Everything from the line containing "cocina con fogones" through the line containing "Used 2015 GMC Sierra 2500 SLT image 23" in the listing below should be copied exactly, and nothing more.
-- SUPPLIED MATERIAL follows --
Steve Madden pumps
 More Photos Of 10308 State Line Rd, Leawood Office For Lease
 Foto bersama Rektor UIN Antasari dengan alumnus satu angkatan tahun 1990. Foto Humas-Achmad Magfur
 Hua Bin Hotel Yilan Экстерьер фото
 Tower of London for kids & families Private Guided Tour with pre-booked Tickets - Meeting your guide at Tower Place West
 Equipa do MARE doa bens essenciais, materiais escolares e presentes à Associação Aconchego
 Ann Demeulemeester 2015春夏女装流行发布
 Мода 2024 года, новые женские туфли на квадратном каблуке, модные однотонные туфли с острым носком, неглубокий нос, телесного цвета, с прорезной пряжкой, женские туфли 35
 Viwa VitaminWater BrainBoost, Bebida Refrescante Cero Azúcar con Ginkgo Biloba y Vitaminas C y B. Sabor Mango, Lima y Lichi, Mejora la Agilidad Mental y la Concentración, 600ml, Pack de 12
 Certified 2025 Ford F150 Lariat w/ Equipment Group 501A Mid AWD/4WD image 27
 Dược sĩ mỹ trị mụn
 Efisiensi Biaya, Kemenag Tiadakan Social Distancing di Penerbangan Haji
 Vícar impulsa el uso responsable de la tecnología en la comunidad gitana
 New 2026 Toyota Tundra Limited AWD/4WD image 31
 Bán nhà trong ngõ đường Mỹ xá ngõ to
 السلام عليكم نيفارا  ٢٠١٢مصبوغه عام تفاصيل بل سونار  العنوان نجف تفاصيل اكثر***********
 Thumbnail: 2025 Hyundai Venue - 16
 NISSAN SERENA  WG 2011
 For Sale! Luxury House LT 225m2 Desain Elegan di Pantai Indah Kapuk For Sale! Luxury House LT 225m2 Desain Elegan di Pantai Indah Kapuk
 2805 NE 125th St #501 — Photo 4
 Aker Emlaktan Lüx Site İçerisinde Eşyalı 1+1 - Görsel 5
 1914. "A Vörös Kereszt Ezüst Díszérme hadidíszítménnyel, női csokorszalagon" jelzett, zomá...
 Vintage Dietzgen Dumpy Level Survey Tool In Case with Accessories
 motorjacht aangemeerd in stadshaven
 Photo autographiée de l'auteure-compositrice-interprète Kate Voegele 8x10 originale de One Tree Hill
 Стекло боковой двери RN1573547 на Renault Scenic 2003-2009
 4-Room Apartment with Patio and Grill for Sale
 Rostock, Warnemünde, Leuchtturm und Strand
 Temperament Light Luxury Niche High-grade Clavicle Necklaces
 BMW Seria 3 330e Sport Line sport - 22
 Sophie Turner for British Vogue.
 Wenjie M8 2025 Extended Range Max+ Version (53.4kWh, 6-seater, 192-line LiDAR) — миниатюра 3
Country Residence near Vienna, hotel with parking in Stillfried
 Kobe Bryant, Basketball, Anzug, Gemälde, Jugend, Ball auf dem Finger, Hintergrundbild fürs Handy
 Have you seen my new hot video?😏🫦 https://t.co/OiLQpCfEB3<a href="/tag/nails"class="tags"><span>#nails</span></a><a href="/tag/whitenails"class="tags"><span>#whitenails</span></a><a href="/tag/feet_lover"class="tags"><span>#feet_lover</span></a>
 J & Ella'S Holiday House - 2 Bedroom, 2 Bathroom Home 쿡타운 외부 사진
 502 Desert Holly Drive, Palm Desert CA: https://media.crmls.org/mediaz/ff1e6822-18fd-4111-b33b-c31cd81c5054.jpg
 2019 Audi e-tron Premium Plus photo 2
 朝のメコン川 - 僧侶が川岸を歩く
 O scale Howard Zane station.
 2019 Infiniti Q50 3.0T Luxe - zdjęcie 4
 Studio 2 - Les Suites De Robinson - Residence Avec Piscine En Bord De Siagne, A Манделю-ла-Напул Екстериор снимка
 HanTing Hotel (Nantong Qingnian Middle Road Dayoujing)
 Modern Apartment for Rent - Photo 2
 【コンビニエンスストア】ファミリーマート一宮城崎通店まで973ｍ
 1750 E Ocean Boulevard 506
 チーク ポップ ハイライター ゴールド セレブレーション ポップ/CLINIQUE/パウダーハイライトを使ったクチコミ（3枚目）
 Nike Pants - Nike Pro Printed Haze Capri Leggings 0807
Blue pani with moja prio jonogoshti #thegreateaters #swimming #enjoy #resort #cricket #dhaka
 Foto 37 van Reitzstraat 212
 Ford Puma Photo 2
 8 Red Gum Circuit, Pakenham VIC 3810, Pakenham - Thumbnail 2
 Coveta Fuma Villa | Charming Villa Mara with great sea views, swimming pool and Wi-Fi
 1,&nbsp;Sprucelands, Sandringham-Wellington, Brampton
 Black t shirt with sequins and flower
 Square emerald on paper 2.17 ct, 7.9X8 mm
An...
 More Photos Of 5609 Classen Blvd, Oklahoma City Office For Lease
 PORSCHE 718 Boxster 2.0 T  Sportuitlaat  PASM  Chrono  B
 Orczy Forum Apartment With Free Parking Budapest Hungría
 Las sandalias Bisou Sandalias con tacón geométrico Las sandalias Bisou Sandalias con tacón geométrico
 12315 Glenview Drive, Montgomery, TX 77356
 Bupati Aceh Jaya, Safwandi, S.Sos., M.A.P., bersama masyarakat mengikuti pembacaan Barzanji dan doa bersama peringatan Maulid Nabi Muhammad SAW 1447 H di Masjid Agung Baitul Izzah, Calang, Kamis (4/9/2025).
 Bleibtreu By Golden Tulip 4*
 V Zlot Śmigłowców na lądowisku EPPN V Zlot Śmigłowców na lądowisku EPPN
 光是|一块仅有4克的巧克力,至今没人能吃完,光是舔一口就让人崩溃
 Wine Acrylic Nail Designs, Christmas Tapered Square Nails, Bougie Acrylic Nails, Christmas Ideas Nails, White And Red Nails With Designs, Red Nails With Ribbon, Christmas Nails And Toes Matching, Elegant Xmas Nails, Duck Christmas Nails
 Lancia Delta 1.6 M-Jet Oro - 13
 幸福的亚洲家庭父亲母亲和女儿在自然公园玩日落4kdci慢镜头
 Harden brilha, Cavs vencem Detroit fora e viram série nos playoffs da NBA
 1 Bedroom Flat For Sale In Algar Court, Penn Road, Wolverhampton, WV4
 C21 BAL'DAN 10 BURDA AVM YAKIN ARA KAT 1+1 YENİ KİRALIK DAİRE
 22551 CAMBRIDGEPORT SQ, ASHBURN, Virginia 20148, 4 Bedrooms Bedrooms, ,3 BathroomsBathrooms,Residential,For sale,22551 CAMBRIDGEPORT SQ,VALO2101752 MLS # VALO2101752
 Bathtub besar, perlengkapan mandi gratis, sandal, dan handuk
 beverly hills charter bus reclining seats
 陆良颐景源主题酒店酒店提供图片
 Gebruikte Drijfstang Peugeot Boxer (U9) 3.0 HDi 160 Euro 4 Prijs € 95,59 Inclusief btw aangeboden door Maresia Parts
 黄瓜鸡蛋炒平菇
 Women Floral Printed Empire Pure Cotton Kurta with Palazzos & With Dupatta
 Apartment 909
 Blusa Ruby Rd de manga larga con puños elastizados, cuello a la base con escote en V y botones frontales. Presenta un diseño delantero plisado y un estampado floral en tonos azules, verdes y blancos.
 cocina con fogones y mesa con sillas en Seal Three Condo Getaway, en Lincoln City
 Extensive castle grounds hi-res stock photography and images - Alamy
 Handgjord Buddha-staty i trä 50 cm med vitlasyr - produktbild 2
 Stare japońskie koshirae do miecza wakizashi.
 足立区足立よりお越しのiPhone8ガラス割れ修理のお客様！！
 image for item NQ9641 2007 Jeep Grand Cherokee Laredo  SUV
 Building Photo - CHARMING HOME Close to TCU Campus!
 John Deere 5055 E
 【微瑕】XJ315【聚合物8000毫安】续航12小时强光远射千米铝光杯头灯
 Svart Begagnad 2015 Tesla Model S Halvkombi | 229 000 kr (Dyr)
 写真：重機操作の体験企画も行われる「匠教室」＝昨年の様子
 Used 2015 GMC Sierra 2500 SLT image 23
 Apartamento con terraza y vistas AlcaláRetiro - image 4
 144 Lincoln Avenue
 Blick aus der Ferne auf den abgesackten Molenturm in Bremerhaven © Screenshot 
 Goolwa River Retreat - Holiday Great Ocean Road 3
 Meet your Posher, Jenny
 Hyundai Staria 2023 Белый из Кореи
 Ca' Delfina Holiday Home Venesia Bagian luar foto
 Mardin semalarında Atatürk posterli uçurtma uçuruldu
-- SUPPLIED MATERIAL concluded --
# [ANSWER TO THE EXERCISE]
 cocina con fogones y mesa con sillas en Seal Three Condo Getaway, en Lincoln City
 Extensive castle grounds hi-res stock photography and images - Alamy
 Handgjord Buddha-staty i trä 50 cm med vitlasyr - produktbild 2
 Stare japońskie koshirae do miecza wakizashi.
 足立区足立よりお越しのiPhone8ガラス割れ修理のお客様！！
 image for item NQ9641 2007 Jeep Grand Cherokee Laredo  SUV
 Building Photo - CHARMING HOME Close to TCU Campus!
 John Deere 5055 E
 【微瑕】XJ315【聚合物8000毫安】续航12小时强光远射千米铝光杯头灯
 Svart Begagnad 2015 Tesla Model S Halvkombi | 229 000 kr (Dyr)
 写真：重機操作の体験企画も行われる「匠教室」＝昨年の様子
 Used 2015 GMC Sierra 2500 SLT image 23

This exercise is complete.